Die Begrüßung durch den Musikdirektor der Stadt Wels, Walter Rescheneder, und die Leiterin der Musikschule, Martina Franke, war herzlich und sichtlich geprägt durch den Stolz auf die neu-hergerichtete Musikschule in den Mauern des alten Baudenkmals Herminenhof, auf die wohl so manche Musikhochschule in der Schweiz oder in Deutschland neidisch blicken könnte.
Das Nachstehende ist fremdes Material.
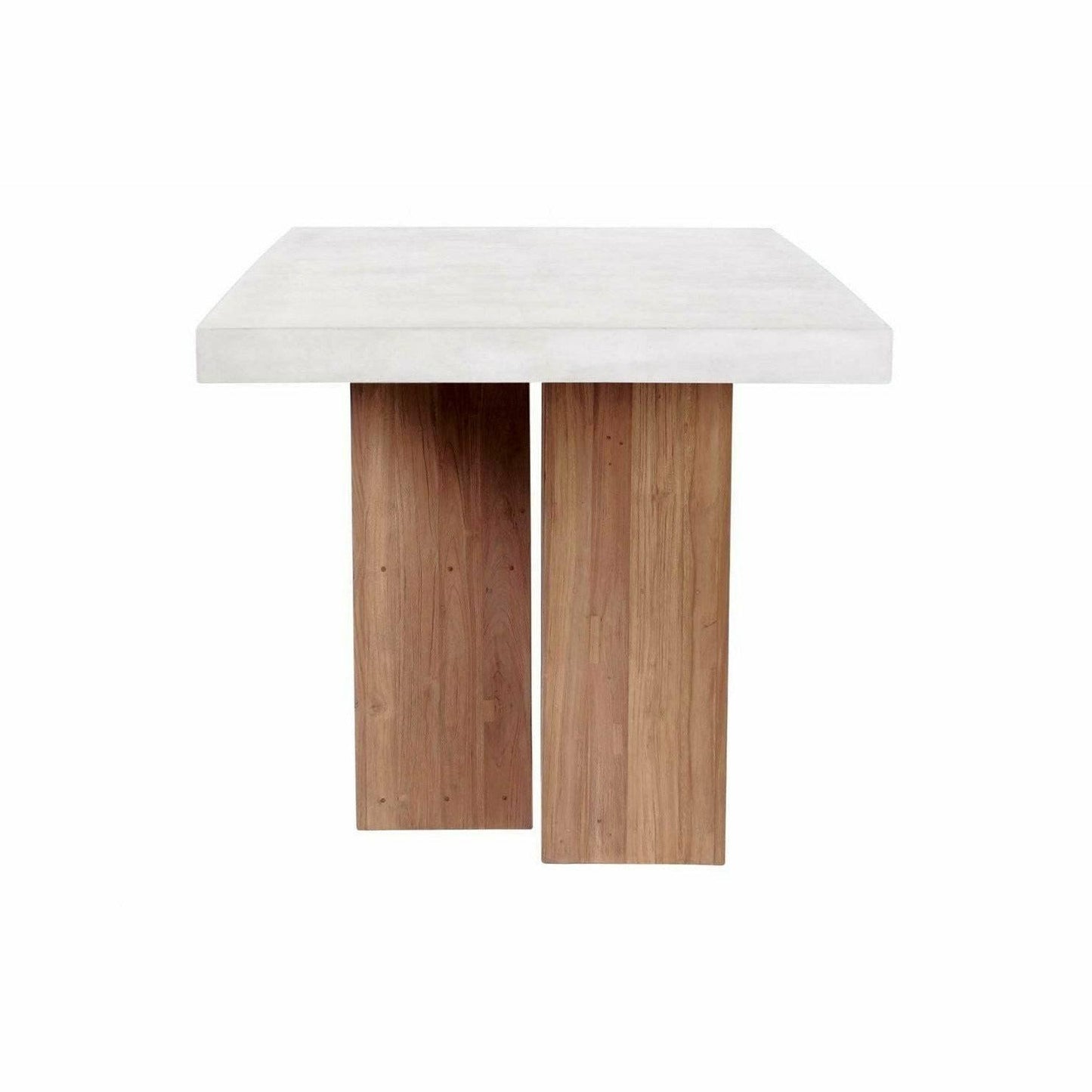 Perpetual Teak Lucca Counter Table Ivory White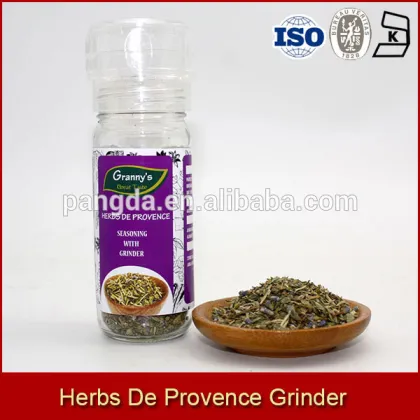 Grannys MSG FREE Herbs De Provence with Adjustable Grinder 15g USD 0.4-1 Per Grinder 24 PCS Per CTN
Neun renommierte Fachreferenten informierten rund um die Kinderstimme: Christiane Franke (Projektleiterin des Netzwerks „Musik in Bayern“) berichtete gemeinsam mit ihrem Kollegen Karl Zepnik (Leiter der Bayerischen Musikakademie Marktoberdorf) über das Projekt „Lehrer singen – Kinder klingen“. Die Fortbildung setzt in erster Linie auf Qualität, Nachhaltigkeit und Übertragbarkeit; sie wendet sich an Lehrer, die in Grundschulen kindergerechtes Singen praktizieren sollen, mit dem Ziel, Chorklassen zu gründen, in denen viermal wöchentlich gesungen wird. Christiane Fischer, Leiterin der Singschule Wien, konnte die Teilnehmer der Tagung nicht nur durch den Einblick in ihre Arbeit mit Kindern, sondern auch durch eine spontane Singstudie mit den Anwesenden begeistern.

Erika Aeschlimann (Leiterin der Chorklasse des Konservatoriums Bern) gab unter dem Titel „Singen ist klasse!“ Einblick in ihre pädagogische Arbeit mit Kindern und Lehrern in der Schweiz.
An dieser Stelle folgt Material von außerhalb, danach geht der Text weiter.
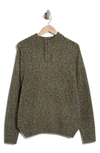 Westzeroone Draken Marled Sweater In Dark Olive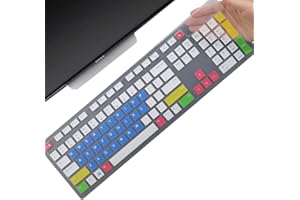 MUBUY-GOL Keyboard Cover for Dell KM636/KB216/Dell Optiplex 5250 3050 3240 5460 7450 7050/Dell Inspiron 3475/3670/3477 Dell Inspiron 27 7000 7700 7790, Inspiron 24 5000 5400 5490 All-in-One Keyboard Cover-CB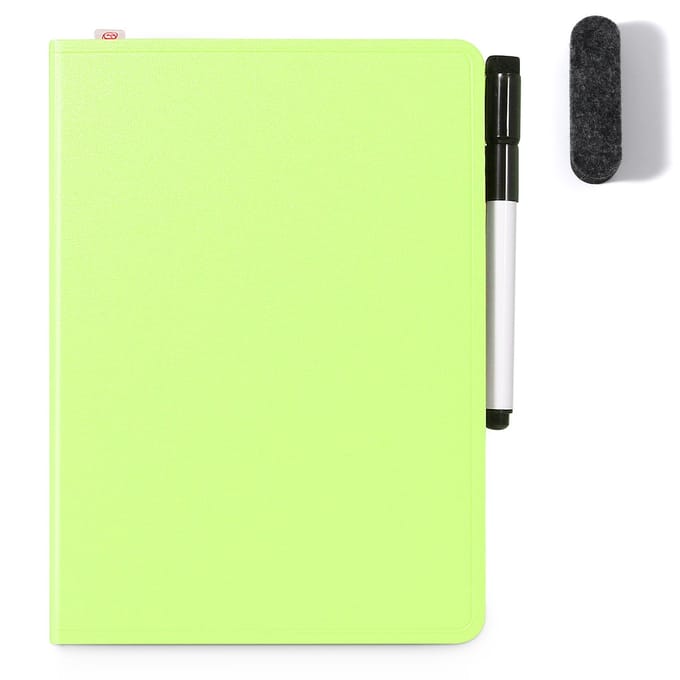 AGM Uitwisbaar notitieboek - Whiteboard notitieblok - A5 - Groen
Dr. Elke Nagl (Gesangspädagogin an der Universität Wien) berichtete mitreißend und sehr aufschlussreich anhand mehrerer Beispiele in Video-Clips über ihre Musicalprojekte mit Jugendlichen und wies auf das spezielle Eingehen auf die Schüler in der Mutationsphase hin.

Yoshihisa Matthias Kinoshita (Dozent für Kinderchorleitung an der Hochschule München) kam auf die Problematik der symbiotischen Beziehung der heutigen Kinder zu iPod/Handy et cetera zu sprechen. Der Dauereinsatz dieser Audiogeräte birgt zwangsläufig die Gefahr zu Isolation und Kommunikationsstörungen.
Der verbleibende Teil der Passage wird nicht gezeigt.